§ **Work item**
Scan the listing and work out how many lines contain the word "Pink". Nothing but the number should be given.

§ **Records provided**
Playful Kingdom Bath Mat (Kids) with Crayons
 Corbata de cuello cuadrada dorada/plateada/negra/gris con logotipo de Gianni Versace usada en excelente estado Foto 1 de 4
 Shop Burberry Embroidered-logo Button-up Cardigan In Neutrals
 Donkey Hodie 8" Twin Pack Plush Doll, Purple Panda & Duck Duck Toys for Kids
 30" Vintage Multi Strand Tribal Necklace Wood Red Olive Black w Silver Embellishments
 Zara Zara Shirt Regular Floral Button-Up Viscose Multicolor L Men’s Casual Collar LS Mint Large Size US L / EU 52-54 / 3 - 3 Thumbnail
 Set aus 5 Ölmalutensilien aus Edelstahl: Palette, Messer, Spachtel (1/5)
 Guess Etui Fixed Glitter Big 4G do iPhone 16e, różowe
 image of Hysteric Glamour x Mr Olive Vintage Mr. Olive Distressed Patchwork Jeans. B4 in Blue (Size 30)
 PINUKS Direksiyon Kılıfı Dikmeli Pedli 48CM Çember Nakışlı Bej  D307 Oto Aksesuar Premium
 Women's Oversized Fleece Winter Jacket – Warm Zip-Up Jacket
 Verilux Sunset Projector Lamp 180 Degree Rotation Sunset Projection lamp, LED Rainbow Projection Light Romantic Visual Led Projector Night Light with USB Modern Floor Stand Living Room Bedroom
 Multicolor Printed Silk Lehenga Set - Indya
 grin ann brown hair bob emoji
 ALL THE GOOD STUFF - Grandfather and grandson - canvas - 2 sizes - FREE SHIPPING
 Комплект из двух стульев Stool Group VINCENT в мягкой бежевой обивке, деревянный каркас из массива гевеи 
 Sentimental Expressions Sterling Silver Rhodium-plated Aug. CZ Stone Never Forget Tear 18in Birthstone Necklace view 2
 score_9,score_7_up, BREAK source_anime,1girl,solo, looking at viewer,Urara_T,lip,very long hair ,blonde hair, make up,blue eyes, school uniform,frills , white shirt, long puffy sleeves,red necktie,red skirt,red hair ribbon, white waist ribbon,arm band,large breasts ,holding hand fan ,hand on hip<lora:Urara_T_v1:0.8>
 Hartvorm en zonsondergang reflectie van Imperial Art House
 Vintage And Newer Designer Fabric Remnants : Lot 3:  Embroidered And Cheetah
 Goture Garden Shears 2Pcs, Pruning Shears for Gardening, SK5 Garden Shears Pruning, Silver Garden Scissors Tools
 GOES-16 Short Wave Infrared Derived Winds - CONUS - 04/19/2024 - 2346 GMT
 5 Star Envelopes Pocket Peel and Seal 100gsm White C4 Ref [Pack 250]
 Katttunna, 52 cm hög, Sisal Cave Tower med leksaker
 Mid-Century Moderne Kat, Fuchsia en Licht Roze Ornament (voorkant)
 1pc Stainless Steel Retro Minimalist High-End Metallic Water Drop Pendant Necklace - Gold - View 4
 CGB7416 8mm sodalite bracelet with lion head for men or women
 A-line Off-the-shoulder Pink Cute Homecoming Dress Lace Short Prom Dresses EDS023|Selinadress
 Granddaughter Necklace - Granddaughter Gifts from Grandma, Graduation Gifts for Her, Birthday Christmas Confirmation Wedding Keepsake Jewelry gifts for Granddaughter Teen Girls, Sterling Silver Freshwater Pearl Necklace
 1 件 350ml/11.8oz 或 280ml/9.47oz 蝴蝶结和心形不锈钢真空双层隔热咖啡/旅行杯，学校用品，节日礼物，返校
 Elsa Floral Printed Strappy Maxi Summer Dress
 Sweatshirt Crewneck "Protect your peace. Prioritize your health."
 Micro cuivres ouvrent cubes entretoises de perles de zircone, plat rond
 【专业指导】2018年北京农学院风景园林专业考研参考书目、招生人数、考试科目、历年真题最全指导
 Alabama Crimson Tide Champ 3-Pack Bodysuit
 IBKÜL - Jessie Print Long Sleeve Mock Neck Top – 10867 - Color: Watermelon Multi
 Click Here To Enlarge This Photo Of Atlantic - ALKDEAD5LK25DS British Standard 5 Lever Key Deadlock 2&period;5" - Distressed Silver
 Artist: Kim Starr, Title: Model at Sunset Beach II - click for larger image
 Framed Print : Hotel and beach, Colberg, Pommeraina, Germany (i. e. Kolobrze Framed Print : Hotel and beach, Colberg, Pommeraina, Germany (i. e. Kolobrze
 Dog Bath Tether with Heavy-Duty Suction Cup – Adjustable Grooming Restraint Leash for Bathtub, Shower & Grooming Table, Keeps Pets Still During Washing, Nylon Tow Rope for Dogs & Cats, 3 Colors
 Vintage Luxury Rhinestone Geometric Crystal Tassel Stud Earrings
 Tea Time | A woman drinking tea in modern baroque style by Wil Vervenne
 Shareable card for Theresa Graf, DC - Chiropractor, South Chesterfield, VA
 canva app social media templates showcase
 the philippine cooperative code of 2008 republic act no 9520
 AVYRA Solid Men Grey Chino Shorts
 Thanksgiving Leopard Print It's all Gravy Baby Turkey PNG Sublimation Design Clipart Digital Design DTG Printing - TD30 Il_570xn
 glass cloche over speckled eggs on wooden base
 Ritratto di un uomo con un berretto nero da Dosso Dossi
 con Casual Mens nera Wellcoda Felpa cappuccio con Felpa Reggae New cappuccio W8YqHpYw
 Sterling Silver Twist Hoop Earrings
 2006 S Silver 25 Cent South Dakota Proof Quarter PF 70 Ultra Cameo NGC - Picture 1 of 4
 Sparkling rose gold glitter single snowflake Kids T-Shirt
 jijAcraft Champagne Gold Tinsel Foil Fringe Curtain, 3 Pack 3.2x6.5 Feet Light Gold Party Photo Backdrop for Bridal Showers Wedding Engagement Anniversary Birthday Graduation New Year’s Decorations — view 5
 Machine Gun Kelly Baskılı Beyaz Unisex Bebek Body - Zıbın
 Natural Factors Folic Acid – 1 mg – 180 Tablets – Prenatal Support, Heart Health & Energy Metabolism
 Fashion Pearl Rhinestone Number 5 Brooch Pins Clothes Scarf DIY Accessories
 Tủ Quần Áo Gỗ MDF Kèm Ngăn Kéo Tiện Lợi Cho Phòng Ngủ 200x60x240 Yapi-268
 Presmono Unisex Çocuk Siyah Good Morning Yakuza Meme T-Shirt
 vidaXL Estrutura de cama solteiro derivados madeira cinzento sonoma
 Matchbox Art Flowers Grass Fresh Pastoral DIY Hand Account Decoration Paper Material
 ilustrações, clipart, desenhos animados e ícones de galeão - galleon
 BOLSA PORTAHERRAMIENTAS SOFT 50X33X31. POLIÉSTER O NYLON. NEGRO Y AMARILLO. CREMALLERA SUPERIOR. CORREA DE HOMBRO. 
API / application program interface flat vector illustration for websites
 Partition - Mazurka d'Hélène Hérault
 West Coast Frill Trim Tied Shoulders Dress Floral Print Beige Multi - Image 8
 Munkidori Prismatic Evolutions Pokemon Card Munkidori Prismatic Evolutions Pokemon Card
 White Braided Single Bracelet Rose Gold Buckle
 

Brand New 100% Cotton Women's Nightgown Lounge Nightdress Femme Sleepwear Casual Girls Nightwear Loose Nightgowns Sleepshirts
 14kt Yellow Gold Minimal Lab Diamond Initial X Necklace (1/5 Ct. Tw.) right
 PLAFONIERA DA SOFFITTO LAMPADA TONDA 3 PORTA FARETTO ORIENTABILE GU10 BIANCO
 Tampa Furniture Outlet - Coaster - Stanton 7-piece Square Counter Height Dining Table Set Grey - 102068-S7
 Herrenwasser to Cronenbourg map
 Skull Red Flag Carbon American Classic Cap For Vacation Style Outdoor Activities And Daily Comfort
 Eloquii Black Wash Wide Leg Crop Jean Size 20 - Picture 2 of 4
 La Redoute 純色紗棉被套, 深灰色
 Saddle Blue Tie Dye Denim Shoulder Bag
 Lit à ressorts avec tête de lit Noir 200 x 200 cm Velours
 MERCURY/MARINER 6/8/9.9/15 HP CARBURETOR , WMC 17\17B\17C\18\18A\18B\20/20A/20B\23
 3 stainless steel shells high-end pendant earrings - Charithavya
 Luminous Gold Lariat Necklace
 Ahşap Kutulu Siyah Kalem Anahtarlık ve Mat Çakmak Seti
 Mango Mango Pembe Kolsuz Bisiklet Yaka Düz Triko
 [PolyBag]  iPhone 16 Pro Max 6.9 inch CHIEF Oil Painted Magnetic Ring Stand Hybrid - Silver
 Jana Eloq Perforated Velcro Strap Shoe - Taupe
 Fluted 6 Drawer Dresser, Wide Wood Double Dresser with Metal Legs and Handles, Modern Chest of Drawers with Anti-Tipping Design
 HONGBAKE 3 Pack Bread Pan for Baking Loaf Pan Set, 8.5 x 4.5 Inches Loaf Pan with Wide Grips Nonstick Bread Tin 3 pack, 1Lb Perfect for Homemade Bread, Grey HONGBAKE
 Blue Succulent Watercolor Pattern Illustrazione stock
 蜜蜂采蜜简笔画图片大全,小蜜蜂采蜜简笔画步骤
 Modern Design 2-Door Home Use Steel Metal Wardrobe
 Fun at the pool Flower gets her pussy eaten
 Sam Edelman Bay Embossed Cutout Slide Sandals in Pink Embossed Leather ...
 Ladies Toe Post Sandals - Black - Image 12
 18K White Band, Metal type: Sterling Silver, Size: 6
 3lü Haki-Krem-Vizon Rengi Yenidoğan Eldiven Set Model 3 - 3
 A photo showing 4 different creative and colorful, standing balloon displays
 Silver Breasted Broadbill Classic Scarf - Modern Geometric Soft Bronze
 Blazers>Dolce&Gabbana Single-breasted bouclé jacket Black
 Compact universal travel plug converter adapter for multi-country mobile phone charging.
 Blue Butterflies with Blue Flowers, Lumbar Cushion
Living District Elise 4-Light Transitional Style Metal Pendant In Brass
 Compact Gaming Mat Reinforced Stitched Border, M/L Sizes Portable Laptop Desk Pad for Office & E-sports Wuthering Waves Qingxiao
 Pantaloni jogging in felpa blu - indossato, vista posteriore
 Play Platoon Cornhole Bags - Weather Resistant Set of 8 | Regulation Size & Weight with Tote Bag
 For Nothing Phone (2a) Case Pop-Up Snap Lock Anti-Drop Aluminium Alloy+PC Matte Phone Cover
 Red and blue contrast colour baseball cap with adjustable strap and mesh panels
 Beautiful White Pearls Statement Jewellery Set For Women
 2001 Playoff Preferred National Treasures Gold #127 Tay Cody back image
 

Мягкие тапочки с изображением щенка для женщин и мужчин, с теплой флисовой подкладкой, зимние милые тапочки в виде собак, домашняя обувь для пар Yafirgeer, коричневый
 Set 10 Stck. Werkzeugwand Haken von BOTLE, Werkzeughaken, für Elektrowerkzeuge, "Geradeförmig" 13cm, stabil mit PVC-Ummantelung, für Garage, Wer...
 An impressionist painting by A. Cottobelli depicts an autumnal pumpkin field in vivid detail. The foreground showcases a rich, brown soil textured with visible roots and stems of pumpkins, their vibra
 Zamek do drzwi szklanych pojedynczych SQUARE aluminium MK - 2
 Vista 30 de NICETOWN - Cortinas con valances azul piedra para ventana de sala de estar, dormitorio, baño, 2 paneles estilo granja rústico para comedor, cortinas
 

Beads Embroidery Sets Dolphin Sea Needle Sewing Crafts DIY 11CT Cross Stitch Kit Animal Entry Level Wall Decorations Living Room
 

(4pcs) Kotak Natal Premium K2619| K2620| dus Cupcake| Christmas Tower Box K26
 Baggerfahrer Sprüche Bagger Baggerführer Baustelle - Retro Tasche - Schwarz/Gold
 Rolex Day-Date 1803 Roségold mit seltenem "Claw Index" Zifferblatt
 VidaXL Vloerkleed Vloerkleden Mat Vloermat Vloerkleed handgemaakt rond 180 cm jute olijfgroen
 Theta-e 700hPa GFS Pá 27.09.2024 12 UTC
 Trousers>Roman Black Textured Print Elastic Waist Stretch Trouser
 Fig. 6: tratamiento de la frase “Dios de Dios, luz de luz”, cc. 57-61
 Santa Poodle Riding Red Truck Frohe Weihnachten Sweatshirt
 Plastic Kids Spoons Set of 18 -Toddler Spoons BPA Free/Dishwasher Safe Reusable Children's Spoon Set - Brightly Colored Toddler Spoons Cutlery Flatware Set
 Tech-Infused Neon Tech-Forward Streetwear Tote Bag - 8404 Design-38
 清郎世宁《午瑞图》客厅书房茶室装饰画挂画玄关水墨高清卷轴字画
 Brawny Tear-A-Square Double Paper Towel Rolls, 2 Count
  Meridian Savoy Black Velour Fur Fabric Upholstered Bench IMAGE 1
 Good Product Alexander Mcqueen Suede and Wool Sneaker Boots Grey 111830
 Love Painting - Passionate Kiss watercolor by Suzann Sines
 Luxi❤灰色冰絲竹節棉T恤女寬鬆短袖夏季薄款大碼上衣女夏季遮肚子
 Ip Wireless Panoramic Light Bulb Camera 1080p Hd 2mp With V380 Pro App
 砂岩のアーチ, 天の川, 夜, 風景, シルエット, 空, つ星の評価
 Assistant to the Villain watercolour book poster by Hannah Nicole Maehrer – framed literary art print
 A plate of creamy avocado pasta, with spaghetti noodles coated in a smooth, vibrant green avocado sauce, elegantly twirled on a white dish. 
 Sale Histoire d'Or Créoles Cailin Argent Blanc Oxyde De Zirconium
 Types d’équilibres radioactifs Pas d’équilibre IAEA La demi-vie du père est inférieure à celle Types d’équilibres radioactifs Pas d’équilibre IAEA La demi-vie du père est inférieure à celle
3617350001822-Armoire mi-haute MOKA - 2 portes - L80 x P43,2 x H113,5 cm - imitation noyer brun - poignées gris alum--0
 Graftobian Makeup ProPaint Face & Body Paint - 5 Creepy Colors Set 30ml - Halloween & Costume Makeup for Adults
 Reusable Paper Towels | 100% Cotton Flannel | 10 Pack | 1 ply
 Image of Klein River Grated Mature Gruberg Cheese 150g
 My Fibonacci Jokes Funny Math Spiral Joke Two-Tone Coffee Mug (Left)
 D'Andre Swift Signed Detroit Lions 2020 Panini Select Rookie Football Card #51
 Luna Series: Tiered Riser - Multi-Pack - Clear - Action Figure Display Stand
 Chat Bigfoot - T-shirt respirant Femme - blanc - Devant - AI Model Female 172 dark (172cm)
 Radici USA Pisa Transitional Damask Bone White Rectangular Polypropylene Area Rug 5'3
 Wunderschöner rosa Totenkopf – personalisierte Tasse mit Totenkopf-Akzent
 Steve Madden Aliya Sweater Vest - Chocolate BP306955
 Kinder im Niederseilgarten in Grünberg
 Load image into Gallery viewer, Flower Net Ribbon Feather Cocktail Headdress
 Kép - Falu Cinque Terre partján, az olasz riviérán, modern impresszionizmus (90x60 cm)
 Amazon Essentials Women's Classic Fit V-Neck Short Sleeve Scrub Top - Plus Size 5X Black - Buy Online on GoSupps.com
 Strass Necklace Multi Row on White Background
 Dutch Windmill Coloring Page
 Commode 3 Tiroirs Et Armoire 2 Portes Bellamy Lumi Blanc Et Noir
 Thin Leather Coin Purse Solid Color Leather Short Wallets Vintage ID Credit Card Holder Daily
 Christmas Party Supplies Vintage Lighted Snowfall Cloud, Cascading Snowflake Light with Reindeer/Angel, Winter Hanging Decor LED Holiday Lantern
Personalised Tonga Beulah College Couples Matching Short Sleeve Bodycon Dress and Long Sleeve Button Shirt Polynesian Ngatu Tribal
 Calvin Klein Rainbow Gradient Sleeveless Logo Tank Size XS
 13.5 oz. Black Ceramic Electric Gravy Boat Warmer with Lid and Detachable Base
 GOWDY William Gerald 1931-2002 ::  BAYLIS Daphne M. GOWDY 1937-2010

§ **Expected answer**
2